Nemésio and his translator. Painting by Henrique Mourato, 1992.
Photo by Ana Cristina Gil, University of the Azores.

My apologies for not being on top of my game with regards to National Poetry Month Mailings this year. Samantha and I just returned from an emotional trip to our beloved island of São Miguel, in the Azores, after two years away.

It was emotion-filled not only because the pandemic kept us way for two years—we had tried to go back as recently as December, but Omicron dissuaded us—but because in the interim years we had determined that we want to divide our time between there and our new home in the Berkshires and this trip solidified and confirmed that plan.

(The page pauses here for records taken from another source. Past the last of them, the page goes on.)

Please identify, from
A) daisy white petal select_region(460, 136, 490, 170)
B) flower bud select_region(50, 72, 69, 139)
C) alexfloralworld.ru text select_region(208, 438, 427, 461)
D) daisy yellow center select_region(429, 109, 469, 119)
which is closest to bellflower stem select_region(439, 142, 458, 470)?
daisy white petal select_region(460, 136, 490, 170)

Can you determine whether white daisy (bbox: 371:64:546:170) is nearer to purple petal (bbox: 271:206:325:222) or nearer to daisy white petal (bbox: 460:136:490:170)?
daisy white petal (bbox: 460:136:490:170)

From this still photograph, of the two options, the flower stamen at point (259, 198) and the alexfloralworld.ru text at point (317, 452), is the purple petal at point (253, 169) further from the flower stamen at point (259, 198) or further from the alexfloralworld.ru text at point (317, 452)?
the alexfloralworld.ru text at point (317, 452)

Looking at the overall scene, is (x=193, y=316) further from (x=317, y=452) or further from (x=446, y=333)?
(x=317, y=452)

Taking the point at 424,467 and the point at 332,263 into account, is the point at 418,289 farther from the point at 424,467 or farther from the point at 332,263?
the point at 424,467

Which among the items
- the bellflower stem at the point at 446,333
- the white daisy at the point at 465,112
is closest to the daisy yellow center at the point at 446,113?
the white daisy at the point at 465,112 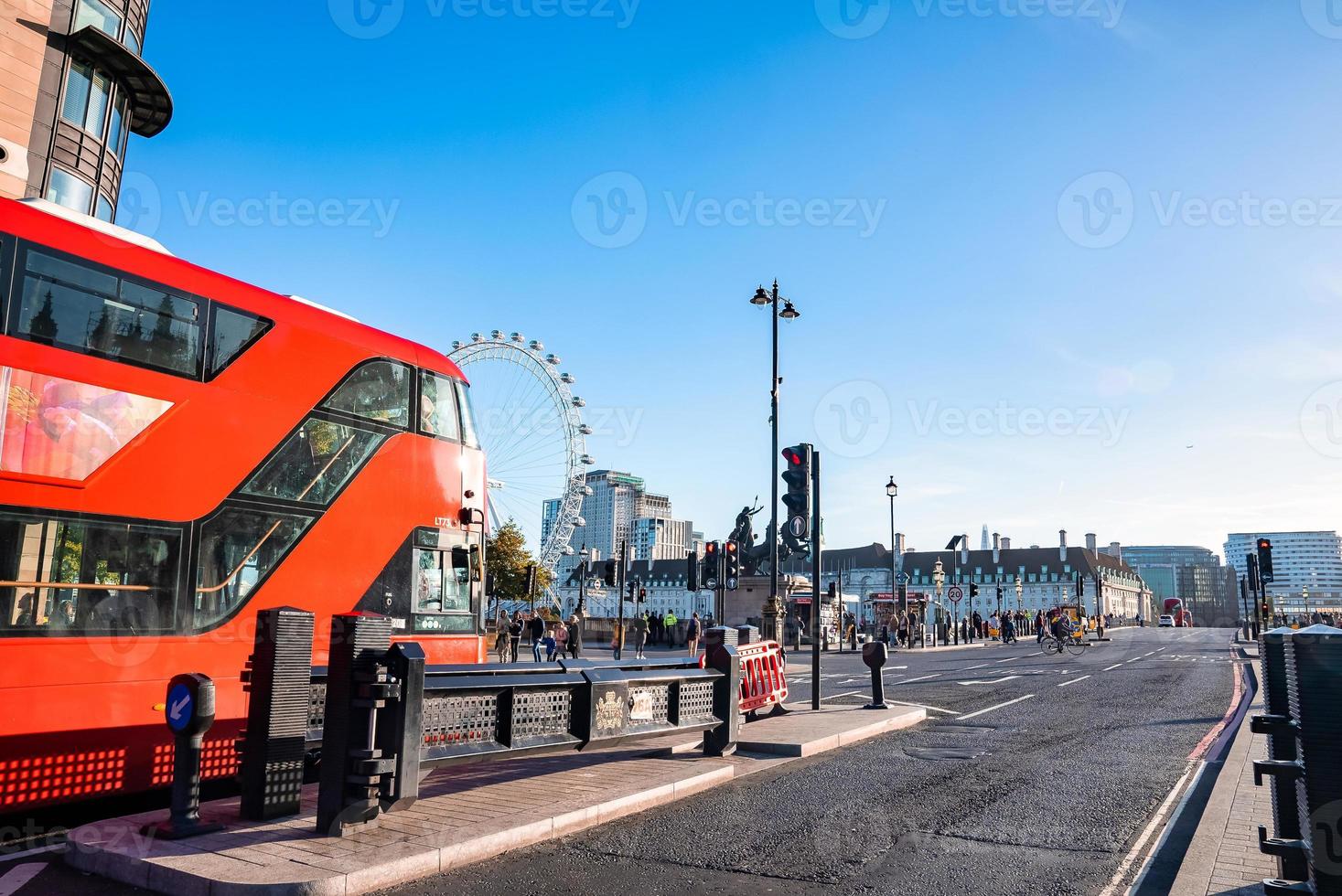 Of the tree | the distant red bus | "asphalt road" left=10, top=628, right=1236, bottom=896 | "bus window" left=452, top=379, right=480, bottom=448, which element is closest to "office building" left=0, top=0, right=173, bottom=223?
"bus window" left=452, top=379, right=480, bottom=448

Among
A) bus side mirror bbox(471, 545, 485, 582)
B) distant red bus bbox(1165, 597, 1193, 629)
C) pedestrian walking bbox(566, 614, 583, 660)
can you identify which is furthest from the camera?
distant red bus bbox(1165, 597, 1193, 629)

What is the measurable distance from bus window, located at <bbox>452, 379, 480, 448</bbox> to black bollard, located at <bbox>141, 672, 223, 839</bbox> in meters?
5.50

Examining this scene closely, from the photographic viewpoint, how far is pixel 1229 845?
6.07 meters

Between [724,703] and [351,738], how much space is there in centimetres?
466

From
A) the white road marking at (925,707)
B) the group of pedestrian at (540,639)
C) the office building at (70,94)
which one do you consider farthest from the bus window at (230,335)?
the group of pedestrian at (540,639)

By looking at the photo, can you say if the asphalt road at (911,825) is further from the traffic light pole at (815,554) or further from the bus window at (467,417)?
the bus window at (467,417)

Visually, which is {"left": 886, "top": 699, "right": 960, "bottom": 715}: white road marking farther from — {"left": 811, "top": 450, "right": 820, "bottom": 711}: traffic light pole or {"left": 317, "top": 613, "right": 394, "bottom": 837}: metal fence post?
{"left": 317, "top": 613, "right": 394, "bottom": 837}: metal fence post

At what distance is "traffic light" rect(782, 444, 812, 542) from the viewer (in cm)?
1347

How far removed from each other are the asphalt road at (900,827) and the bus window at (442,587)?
4042mm

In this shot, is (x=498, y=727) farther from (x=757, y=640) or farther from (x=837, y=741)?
(x=757, y=640)

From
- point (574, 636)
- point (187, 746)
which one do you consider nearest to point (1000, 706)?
point (187, 746)

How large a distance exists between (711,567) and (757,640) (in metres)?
12.7

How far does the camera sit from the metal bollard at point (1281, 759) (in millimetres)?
4379

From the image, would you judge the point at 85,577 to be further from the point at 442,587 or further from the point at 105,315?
the point at 442,587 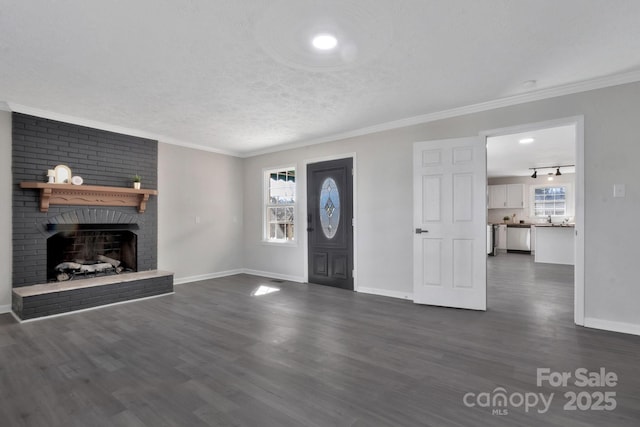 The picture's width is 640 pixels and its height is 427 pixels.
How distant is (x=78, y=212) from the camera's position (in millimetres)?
4609

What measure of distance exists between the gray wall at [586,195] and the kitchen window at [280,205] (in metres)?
0.34

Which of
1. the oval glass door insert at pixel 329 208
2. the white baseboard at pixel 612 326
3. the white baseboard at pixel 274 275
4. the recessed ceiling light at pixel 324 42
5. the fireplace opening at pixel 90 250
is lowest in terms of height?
the white baseboard at pixel 274 275

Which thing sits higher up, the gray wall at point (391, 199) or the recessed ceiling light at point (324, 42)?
the recessed ceiling light at point (324, 42)

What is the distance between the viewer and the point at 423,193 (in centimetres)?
436

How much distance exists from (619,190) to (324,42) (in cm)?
322

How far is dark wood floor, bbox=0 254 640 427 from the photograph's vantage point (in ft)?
6.33

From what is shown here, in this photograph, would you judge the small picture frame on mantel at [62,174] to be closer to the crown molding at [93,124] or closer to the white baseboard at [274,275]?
the crown molding at [93,124]

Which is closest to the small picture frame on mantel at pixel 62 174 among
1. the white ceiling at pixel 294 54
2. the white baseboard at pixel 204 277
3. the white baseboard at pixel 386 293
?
the white ceiling at pixel 294 54

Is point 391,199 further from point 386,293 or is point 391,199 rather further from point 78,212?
point 78,212

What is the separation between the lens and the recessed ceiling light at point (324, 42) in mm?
2506

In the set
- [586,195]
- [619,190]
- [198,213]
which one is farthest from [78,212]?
[619,190]

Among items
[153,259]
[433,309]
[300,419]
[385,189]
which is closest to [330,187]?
[385,189]

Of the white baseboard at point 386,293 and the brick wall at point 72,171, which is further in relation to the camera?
the white baseboard at point 386,293

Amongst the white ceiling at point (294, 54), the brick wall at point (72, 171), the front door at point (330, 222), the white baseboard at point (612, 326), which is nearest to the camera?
the white ceiling at point (294, 54) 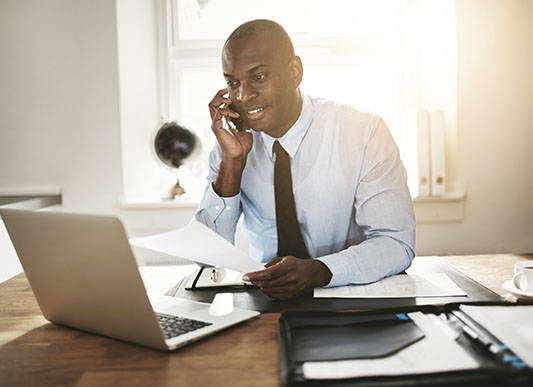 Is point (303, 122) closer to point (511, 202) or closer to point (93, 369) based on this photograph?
point (93, 369)

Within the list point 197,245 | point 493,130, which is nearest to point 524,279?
point 197,245

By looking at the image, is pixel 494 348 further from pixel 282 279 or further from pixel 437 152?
pixel 437 152

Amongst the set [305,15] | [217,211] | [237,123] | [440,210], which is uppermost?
[305,15]

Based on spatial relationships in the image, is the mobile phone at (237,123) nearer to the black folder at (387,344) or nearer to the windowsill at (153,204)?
the black folder at (387,344)

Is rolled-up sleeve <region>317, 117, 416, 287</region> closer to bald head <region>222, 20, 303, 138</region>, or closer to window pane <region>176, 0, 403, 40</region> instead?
bald head <region>222, 20, 303, 138</region>

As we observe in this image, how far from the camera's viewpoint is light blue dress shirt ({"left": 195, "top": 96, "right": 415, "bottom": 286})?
1.64 m

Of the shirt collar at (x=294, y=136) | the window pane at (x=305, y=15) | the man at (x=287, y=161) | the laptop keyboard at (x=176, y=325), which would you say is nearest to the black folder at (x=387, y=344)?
the laptop keyboard at (x=176, y=325)

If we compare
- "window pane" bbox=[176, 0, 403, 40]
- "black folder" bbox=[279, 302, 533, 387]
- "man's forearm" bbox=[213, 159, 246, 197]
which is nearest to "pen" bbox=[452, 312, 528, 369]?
"black folder" bbox=[279, 302, 533, 387]

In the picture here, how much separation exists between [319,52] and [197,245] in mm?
2143

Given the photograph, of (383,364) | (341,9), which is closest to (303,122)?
(383,364)

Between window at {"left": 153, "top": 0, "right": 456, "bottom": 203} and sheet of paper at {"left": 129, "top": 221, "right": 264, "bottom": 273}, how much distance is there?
73.1 inches

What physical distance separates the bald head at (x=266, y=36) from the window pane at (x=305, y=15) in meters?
Result: 1.38

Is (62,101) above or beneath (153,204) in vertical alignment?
above

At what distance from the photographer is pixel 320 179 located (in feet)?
5.64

On top of that, we held a ceremony to place a plaque at the Praça do Emigrante (Emigrant Square) honoring the memory and sacrifice of my two great-grandparents who emigrated from the island in 1906. Joining us were cousins from my family there, the Casquilho family, along with the director and staff from the Associação dos Emigrantes Açorianos.

It was a windy afternoon, and the waves were crashing against the rocky shore along the north coast of the island, as if the spirit of my great-grandparents were making their presence known.

All this to say that I’m behind in my weekly mailings and I apologize. This week, I’m going to share post one of my translations of the great Azorean poet Vitorino Nemésio, “Ship,” which I hope you will enjoy. It originally appeared in Gávea-Brown Journal and was reprinted in my new book, Wine-Dark Sea: New & Selected Poems & Translations. Here it is in the original Portuguese and in my translation:

Navio

Tenho a carne dorida

Do pousar de umas aves

Que não sei de onde são:

Só sei que gostam de vida

Picada em meu coração.

Quando vêm, vêm suaves;

Partindo, tão gordas vão!

Como eu gosto de estar

Aqui na minha janela

A dar miolos às aves!

Ponho-me a olhar para o mar:

—Olha-me um navio sem rumo!

E, de vê-lo, dá-lho a vela,

Ou sejam meus cílios tristes:

A ave e a nave, em resumo,

Aqui, na minha janela.

—Vitorino Nemésio, Nem Toda A Noite A Vida

___

Ship

My flesh is sore

from the landing of some birds

I don’t know where they’re from.

I only know that they, like life,

sting in my heart.

When they come, they come softly;

leaving, they go so heavy!

How I like to be

here at my window

giving my mind over to the birds!

I’m looking at the sea:

look at that aimless ship!

And, seeing it, give it a lamp[i],

or my sad eyelashes:

the bird and the ship, in a nutshell,

here, at my window.

—translated from the Portuguese by Scott Edward Anderson


[i] For “vela,” I like “lamp” here, rather than “candle” or “sail,” because it echoes the idea of lighting a lamp to draw in a weary traveler—although I think “salute” or “sign” might also work, although not technically accurate. Also “lamp” hearkens back to Nemésio’s stated desire, expressed in his Corsário das Ilhas, which I’ve been translating for Tagus Press, of wanting to be a lighthouse keeper.